In a recent discussion with ISA leaders regarding how to lessen the number of emails it sends members, the topic of Facebook fan pages came up.  The context of this discussion was focused on how ISA could be at least as effective at marketing its publications while reducing the number of emails it sends.  I was asked to explain specifically how a fan page compares with email marketing, and I came up with seven advantages:

1) “Opting In” vs. “Not Opting Out”
People must take an affirmative action to “become a fan,” which says a lot more than “I choose not to opt out.”  From a marketer’s perspective, these become your top shelf, number one, gold plated prospects.  And you treat them that way.

2)  Marketing Upside
When someone becomes a fan, all of their friends see it.
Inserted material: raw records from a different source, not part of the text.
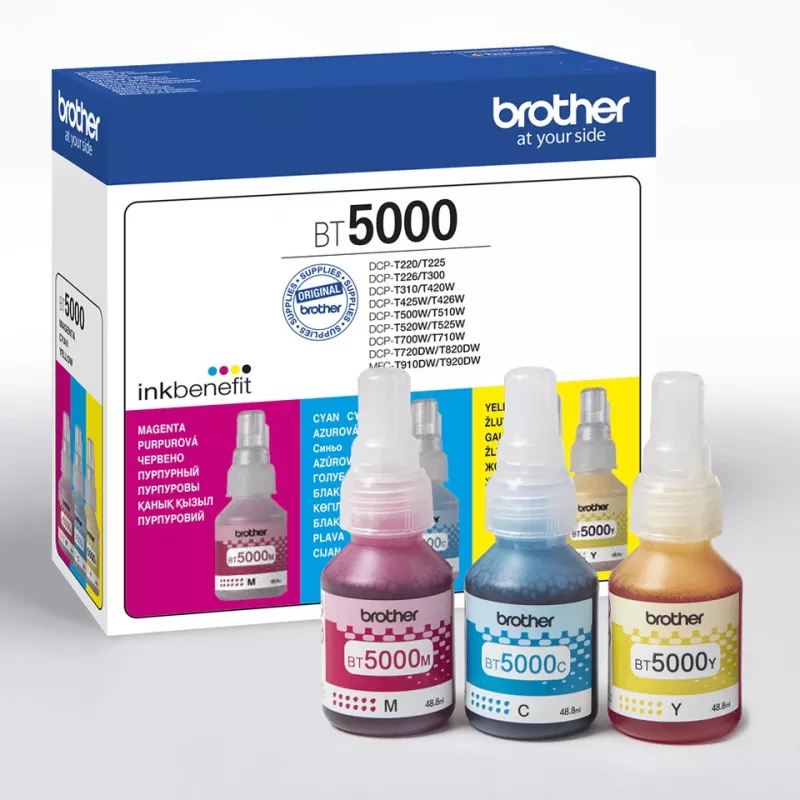 Kompatibler Tintenpatronen-Pack Brother BT-5000C, 3-Farben-Kombi (Cyan, Magenta, Gelb), 3 Stück, 48,8 ml, 5000 Seiten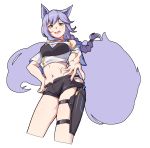  1girl :d absurdres animal_ears arknights bangs bare_shoulders black_shorts blz_buluozhang braid commentary crop_top cropped_legs fang hand_on_hip highres hip_vent holster large_tail long_hair looking_at_viewer midriff navel open_mouth provence_(arknights) purple_hair shirt short_shorts short_sleeves shorts simple_background smile solo standing stomach tail thigh_holster thighs white_background white_shirt wolf_ears wolf_tail yellow_eyes 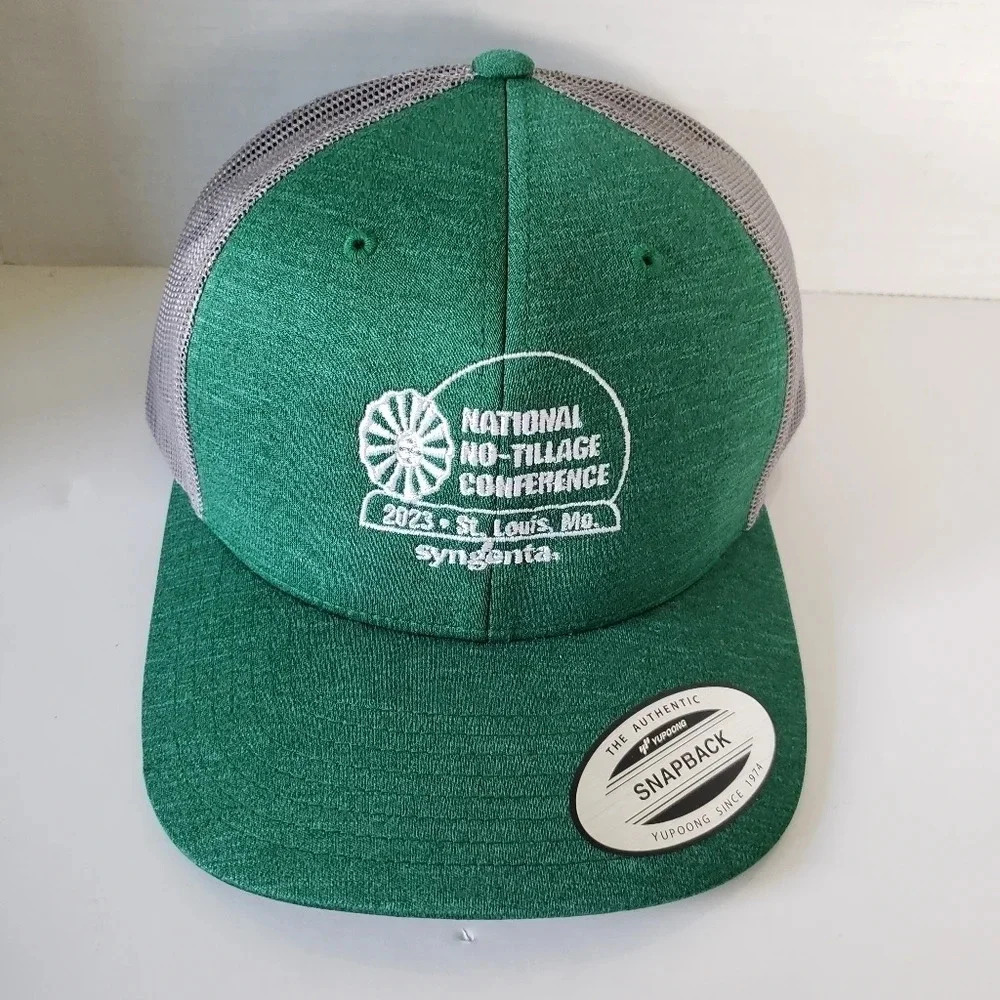 The Authentic  Snapback National No Tillage Conference 2023 Mens Green hat.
This has tremendous marketing “up side.”  When someone doesn’t opt out of emails, nobody knows and there is zero additional up side.

3) Build a Community
Fans can interact with one another on the fan page, providing book reviews, answering questions, talking about their favorites, etc.  This is the very essence of Web 2.0.

4) Analytics
Facebook provides detailed statistics with regard to interactions that occur on fan pages.  This makes is very easy to quantify the value of the page over time.  Typical email marketing solutions provide counts of the number of times a message is read or a link is clicked.  However, Facebook has additional metrics that can measure interactivity and “buzz.”

5) Reach
Fan pages are open to everyone on Facebook (that’s 325 million users) – not just your email database.

6) Demographics
The fastest growing age demographic on Facebook is 35 to 45 year olds.  This is a critical demographic for many organizations.

7) Cost
Fan pages are FREE.  Enough said.

Let me know if I missed something.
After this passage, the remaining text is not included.